Deer flies, which are in the horsefly family, are annoying as they repeatedly and persistently dive for their victims until they inflict a painful bite.
Dr. Russ Mizell, now retired UF/IFAS Extension entomologist, experimented with a method to trap this insect. Mizell wanted to identify the optimum shape, size, color and speed to attract deer flies. If successful, he could temporarily remove a deer fly population long enough to enjoy an outdoor gathering without being bothered by deer flies.
Mizell said he started the research as a high school science project with his son but “it got so interesting, I just kept doing it.”

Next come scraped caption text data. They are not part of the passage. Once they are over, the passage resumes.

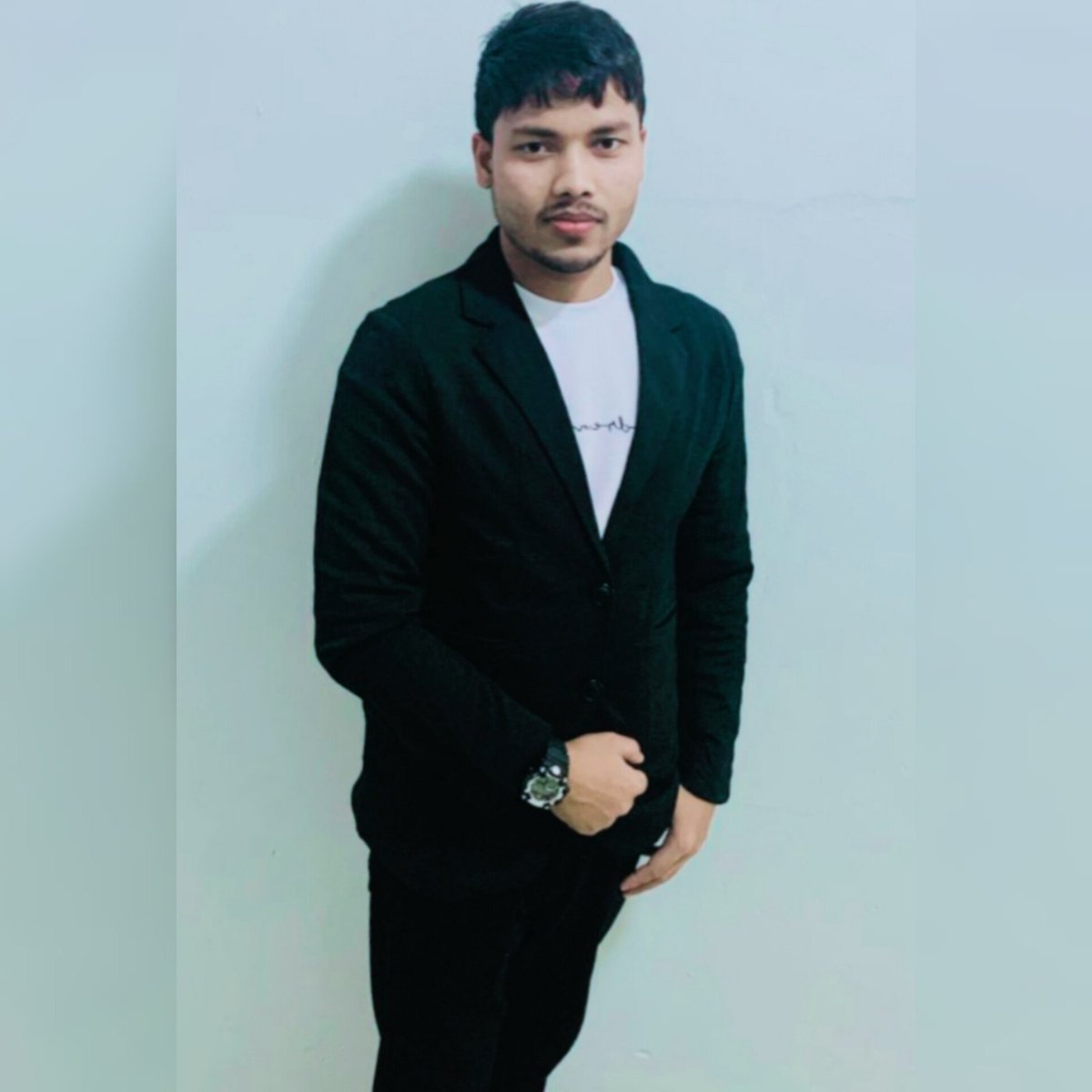 SarimulHTeg's tweet photo. Hello dears After a long time I Changed my Profile Picture 🖼️ #sarimulhussain #sarimulteg #sarimulblogs #Sarimul #new #dp #profile #change #2024trends #tranding2024 #tranding #facebookpost @highlight United Arab Thank you. https://t.co/51owVuDcga
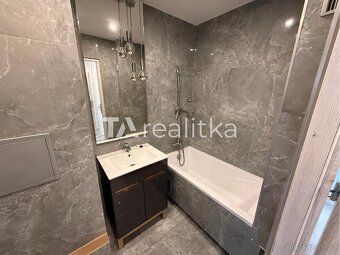 Pronájem bytu 3+kk, 55m², lodžie, po rekonstrukci. Nabízíme 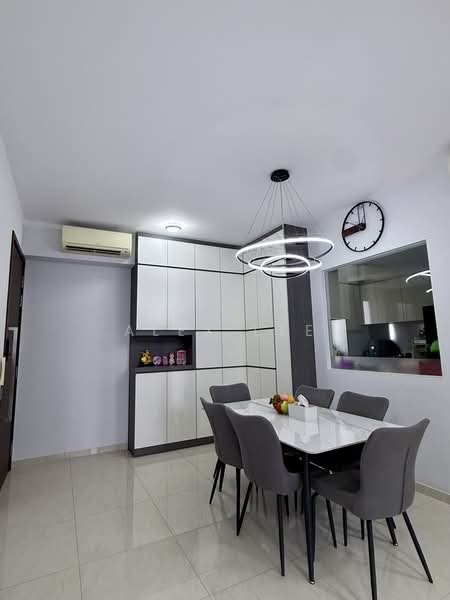 Signature At Yishun, 29 Yishun Street 51, 3 Bedrooms, 947 sqft, Executive Condominium For Sale, by Alex Lee, 500188569 - Dining Room - PropertyGuru.com.sg
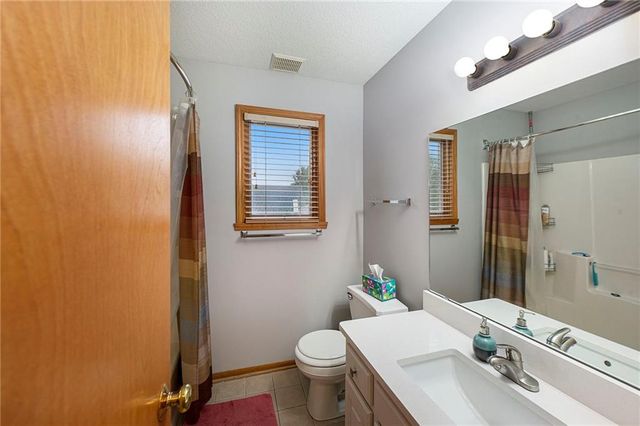 1040 Stonecreek Drive, Lawrence, KS 66049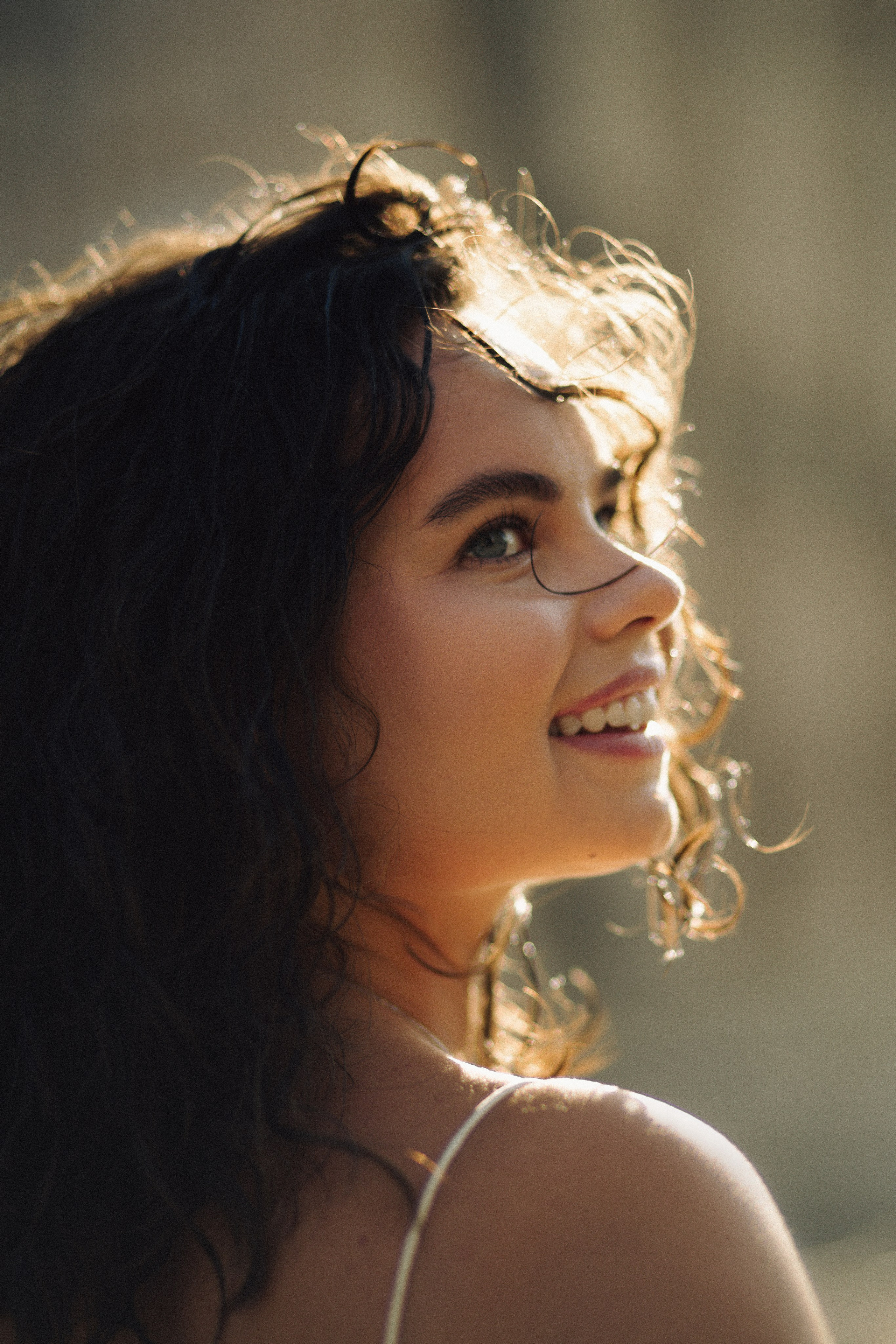 Morning light bridal inspired love story in Milan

Deer flies wait for prey to walk before attacking. So, they are highly attracted to movement.
With this in mind, Mizell and his son decided the best way to snare deer flies was to “troll” for them from a slow-moving vehicle. Working in spring and summer when deer flies are most prominent, they set out to discover what kind of trap worked best.
They built a test platform on the hood of their vehicle that could troll seven different shapes at once. They ambled along in deer fly-infested countryside for set periods of one to five minutes, testing pyramids, squares, balloons, plant containers and other shapes, all coated with Tanglefoot (commercially available sticky spray for insects), then counting immobilized prey. They tried black, tan, blue and shapes of other colors suspended from various heights.
The trap that enticed the most deer flies proved to be a 6-inch flowerpot painted bright blue and coated with Tanglefoot. This trap captured as many as 30 deer flies in a one-minute test. It worked best when suspended three to six feet above the ground and trolled no faster than 10 feet per second or about 7 miles per hour.
The traps are remarkably effective, Mizell said. “Many times, after running the traps through an area, we found there were no deer flies left,” he said. “You trap them out for a short period until they repopulate the area.”
The traps also work when attached to a baseball cap and trolled by the hat’s wearer. But instead of attaching a flowerpot to your cap, you could attach a blue drink cup painted with Tanglefoot.
Despite its effectiveness, its aesthetic appeal leaves something to be desired.